Source data:
- - - -

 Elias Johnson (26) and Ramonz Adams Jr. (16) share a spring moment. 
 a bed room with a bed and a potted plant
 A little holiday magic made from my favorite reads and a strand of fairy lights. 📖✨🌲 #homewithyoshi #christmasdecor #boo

- - - -

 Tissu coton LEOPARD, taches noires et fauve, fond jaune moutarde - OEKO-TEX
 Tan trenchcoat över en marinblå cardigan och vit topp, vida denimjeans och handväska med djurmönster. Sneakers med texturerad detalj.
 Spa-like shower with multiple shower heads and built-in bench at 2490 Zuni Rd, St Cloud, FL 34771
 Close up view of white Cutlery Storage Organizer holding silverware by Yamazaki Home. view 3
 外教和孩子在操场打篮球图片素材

- - - -

Exercise: Among the entries above, the lines between the ones containing "Elias Johnson (26)" and "A little holiday", inclusive, are to be transcribed exactly. No other line is to be given.

Response below:
 Elias Johnson (26) and Ramonz Adams Jr. (16) share a spring moment. 
 a bed room with a bed and a potted plant
 A little holiday magic made from my favorite reads and a strand of fairy lights. 📖✨🌲 #homewithyoshi #christmasdecor #boo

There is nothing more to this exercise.